While I'm sorry you didn't find the book that useful, as with all books, I highly recommend checking out the preface before buying (you can use Amazon's "look inside" feature) to determine if this book is right for you.
We point out in the preface that it's a principles and practices book that covers a broad range of topics and how they fit together, rather than a book that dives into a lot of implementation details, which it sounds like you were expecting. Having said that, I believe we cover things in quite a lot more detail than your bullets suggest.
We also point out that you shouldn't necessarily read it cover to cover, that it was designed such that you could dip in at the relevant bits for you, and that designing the book this way involved a certain amount of repetition.
If you're very experienced and technical, I'm not surprised you found the first few chapters dull and repetitive - they were the most high level, targeted at people new to the topic. That's why part 1 (chapters 1-4) is called "Foundations". Probably you would have been more interested in the later, more technical chapters - chapters 5 onwards, and for advanced practitioners, chapters 11 onwards.
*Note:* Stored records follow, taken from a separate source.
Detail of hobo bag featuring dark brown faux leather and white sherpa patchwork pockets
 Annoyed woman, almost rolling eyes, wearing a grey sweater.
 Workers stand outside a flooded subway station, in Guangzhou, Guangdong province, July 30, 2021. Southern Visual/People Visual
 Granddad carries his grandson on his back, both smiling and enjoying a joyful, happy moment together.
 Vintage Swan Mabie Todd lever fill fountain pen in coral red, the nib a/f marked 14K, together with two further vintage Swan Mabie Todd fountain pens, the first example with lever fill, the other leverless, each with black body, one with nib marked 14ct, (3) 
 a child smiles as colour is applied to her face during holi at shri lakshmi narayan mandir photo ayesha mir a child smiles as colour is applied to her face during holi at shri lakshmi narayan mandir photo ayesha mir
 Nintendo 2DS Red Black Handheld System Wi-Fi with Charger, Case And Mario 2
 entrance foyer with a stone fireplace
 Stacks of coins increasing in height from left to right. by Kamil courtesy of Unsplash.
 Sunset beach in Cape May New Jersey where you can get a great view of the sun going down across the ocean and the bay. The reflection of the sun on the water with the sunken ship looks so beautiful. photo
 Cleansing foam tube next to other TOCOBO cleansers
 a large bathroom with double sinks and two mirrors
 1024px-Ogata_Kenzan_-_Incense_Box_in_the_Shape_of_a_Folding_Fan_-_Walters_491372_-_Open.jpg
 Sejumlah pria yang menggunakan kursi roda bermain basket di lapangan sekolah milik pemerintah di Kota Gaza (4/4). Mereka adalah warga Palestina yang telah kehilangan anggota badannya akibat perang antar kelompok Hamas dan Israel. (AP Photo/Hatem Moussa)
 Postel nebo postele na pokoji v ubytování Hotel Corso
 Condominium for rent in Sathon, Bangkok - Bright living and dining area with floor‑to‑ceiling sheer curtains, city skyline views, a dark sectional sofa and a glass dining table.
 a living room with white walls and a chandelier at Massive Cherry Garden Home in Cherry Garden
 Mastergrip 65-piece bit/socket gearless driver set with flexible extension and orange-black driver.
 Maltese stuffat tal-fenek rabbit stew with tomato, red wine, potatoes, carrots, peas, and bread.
I definitely wouldn't say we were only targeting managers - we only get one shot at the book, and we've tried to include both material that is suitable for management and for technical people, and to make clear what should be read for each target audience. In our experience, management and technical people need to work together in order to achieve the vision we set out in the book. Part of the goal of the book was to arm technical people with useful arguments to be able to take to their management to get buy-in to implement these ideas.
Perhaps you're right that the material relevant to you personally could have been written in 150 pages - but unfortunately that's the problem with writing a book - it's impossible to customize it meaningfully, especially in a book like this which targets a broad audience and covers a broad range of material.